Se despierta a las tres de la madrugada. La noche ha refrescado, pero no lo suficiente como para que siga durmiendo. Oye un leve retumbar de truenos o de fuegos artificiales, no está seguro de qué es. Se levanta en calzoncillos de la cama y nota la cálida y suave textura del suelo de roble bajo sus pies mientras avanza lentamente hacia el pasillo, pasa ante el dormitorio de sus hijas y la puerta bien cerrada de la habitación de huéspedes, hasta la escalera que conduce a la cocina.

A Hugh le gusta comer en la oscuridad. Se sirve un vaso de leche descremada, toma un puñado de galletas del tarro y se dirige al estudio que está al fondo de la casa. Se detiene ante el ventanal y contempla la noche al otro lado del vidrio. Detrás de las nubes hay descargas eléctricas provocadas por el calor. ¡Nubes! Hacía un mes que no veía ninguna, y piensa: estamos salvados. Moja una galleta en el vaso de leche el tiempo suficiente para que se empape sin deshacerse, y se la lleva a la boca. La descarga eléctrica producida por el calor parpadea tres veces detrás de una nube: un código, un telégrafo particular.

—Lindo, ¿no?

Gira sobre sus talones, casi deja caer el vaso de leche. Dorsey está sentada en la sala a oscuras, acurrucada en el borde del sofá, las piernas dobladas cerca del pecho bajo la camisa de dormir de verano.

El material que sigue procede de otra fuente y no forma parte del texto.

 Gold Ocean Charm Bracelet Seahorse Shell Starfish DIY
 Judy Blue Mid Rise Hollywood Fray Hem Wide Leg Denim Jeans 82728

—¿Qué estás haciendo aquí? —pregunta él.

—¿Qué haces ? —contesta ella.

—¿Quieres galletas? —le ofrece, tendiéndole una.

—No me gustan. ¿Qué bebes?

—Leche.

—Claro, ¿qué iba a ser? Sí, tomaré un sorbo.

Él se acerca al lugar donde está sentada. En vez de ofrecerle el vaso, se lo apoya en la boca y lo inclina. Dorsey baja la cabeza y él aparta el vaso.

—Siempre el cura frustrado —comenta Dorsey. Su hermano le da la espalda y ella dice—: Qué vida tan secreta la tuya. A veces pienso que no te conozco en absoluto. No sé cómo sigues viviendo de esta manera. Ah, ¿cómo está Laurie?